During the first weekend that protests erupted around the country in response to George Floyd's death, Arizona’s governor instituted a week-long statewide curfew. Tucson's police chief Chris Magnus said the curfew helped, even though Tucson's protest activity has been relatively calm compared to other places.

Chief Magnus attended a Black Lives Matter vigil held last week at the Dunbar Pavilion. "My primary purpose at the vigil was to listen,” Magnus told The Buzz. “It was to make connections wherever I could." During the vigil, community members shared their experiences with police violence.

Magnus said that within Tucson, his department does not receive many complaints about police brutality and that when complaints do come in they are taken seriously.

Protests across the country have brought the concept of qualified immunity for police officers, which protects them from being held personally liable for most actions performed on the job.

“I think there are some reasons for qualified immunity that are more complex than sometimes the public understands but I think that immunity and the use of that may have gone too far at this point,” Magnus said.

Magnus also said that he feels TPD has a relatively good relationship with the community and that community members can always share their feedback with the department.


360 vigil sign blm A sign protesting racial injustice at a candlelight vigil held in memory of George Floyd at the Dunbar Pavilion in Tucson on June 1, 2020.
Gage Judd/AZPM Staff

An online petition to defund and disband TPD recently garnered over 10,000 signatures, and advocates made their case to the mayor and city council at a public hearing Tuesday.

The debate centers around whether reforms TPD has already made go far enough.

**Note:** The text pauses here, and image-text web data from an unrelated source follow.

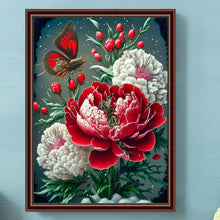 Load image into Gallery viewer, Diamond Painting - Full Round - Butterfly peony (30*40CM)
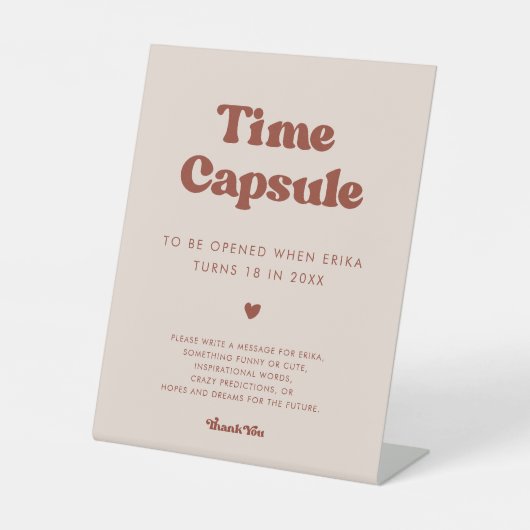 レトロスタイリッシュピンクタイムカプセル1st誕生日サイン 台座サイン (正面)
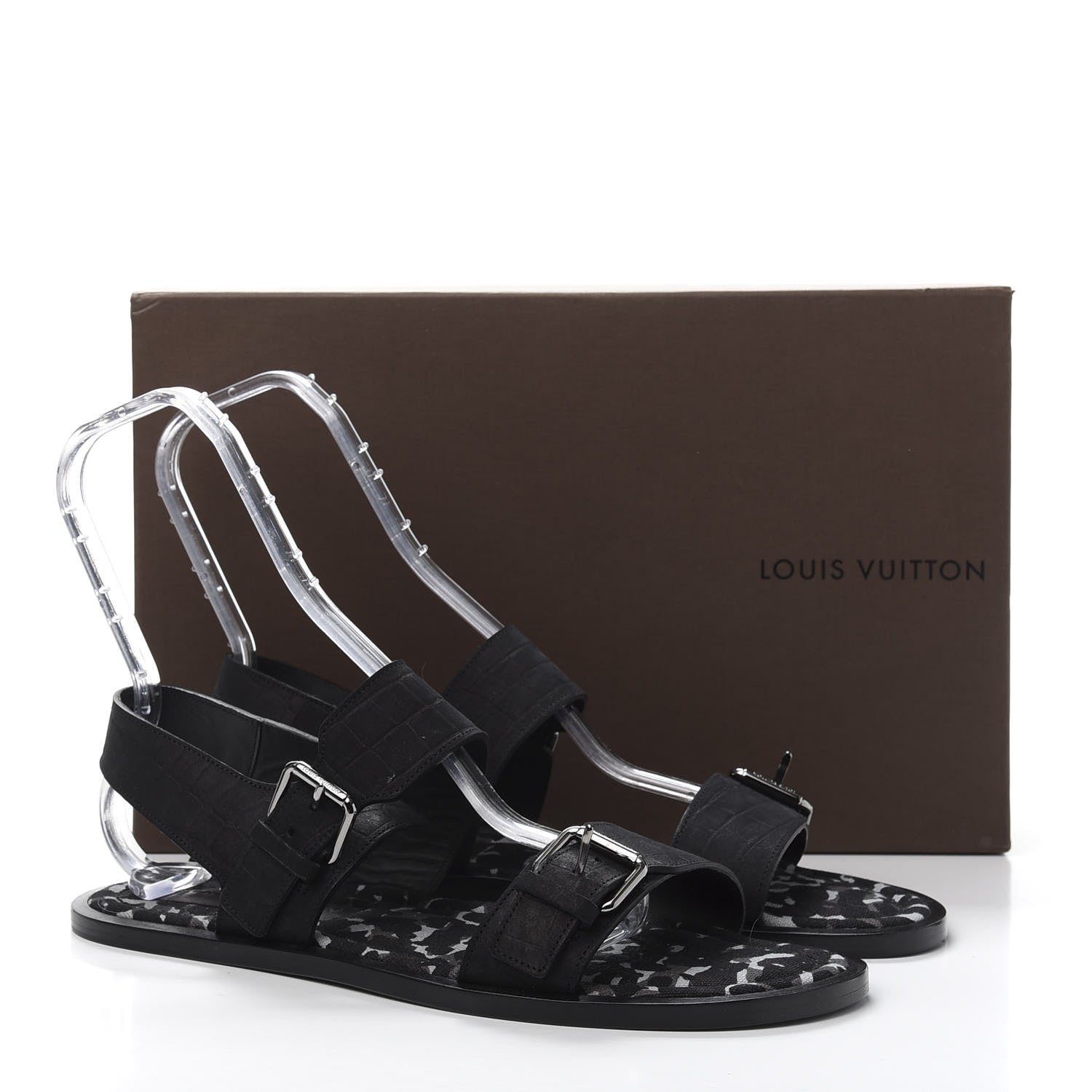 Louis Vuitton Nubuck Crocodile Embossed Mens Sandals 9.5 Black 9 of 9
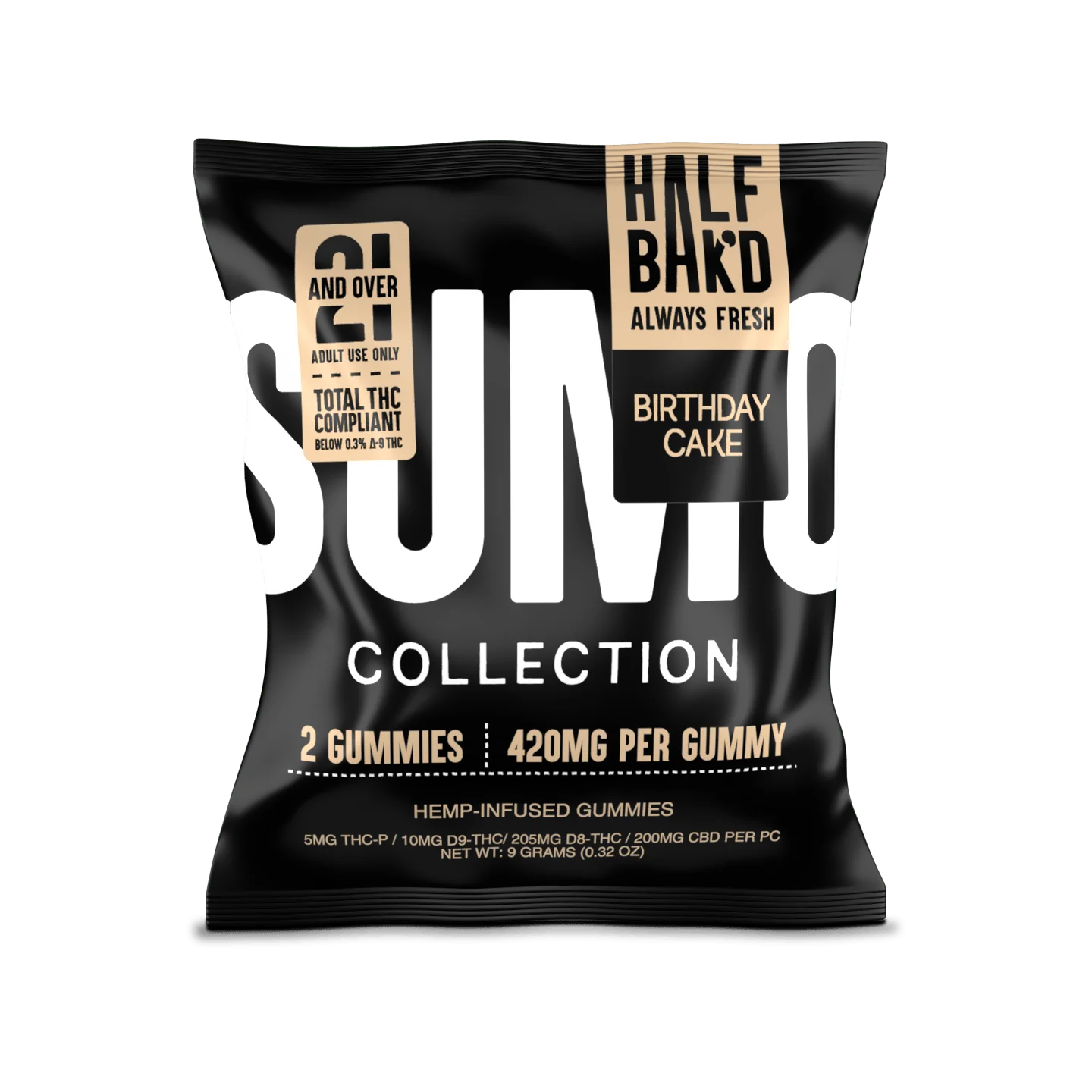 HALF BAKD SUMO GUMY D9 GUMY BIRTHDAY CAKE 420MG|850056140515|Pack Of|30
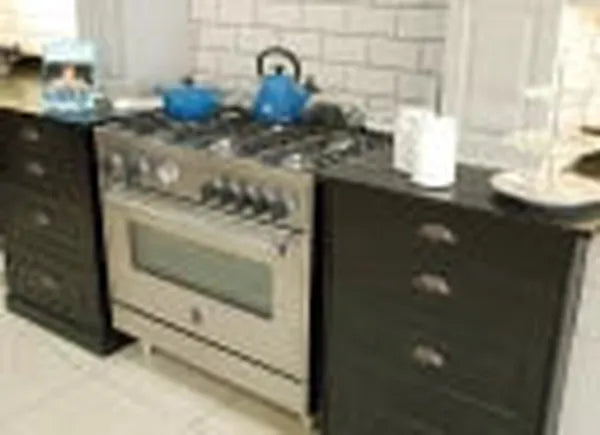 La Germania AMS95C61LBX 5 Burner Stainless Steel Freestanding Gas Stove with 142L Electric Oven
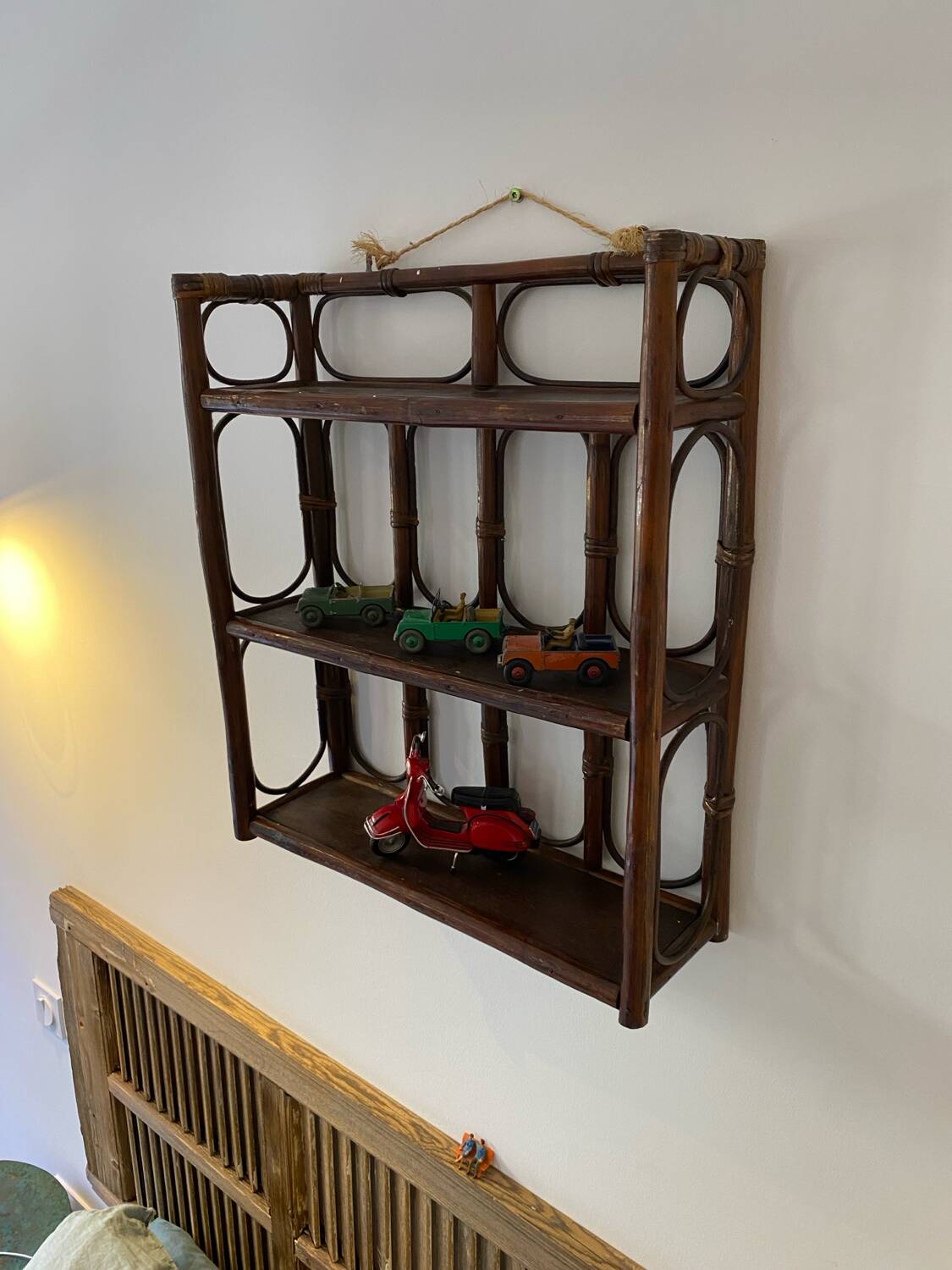 Rattan shelf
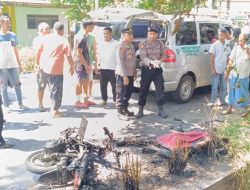 Motor Bawa Jeriken BBM Tabrak Pikap di Palengaan, Pengendara Tewas Terbakar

Even in a city with a self-styled “progressive police department,” officers are still routinely dispatched to respond to issues that arise from mental health emergencies, drug addiction and homelessness.

Magnus has defended TPD’s culture and reforms made over his tenure. Tucson is now one of two departments in America’s one hundred largest cities to fully adopt "8 Can't Wait" — a set of policies aimed at reducing police violence, including a duty to intervene if officers use excessive force and requiring a verbal warning before shooting.

But groups advocating for defunding TPD argue the department’s reforms are, at best, damage reduction.

TPD data from 2015 through 2019 reveal black people in Tucson are still disproportionately arrested and shot by police. Despite making up about five percent of Tucson’s population, black people were nearly thirteen percent of those arrested and twelve percent of those shot by TPD.

TPD established a Force Review Board in 2017 in part to increase public oversight of the department. The board includes officers and six community members who have voting power to recommend policy changes or discipline.

More often than not, the board finds officers' use of force justified. They only consider what an officer knew in the moment when faced with a split-second decision.

Critics say people still need to address the more fundamental question of whether police should be there to begin with.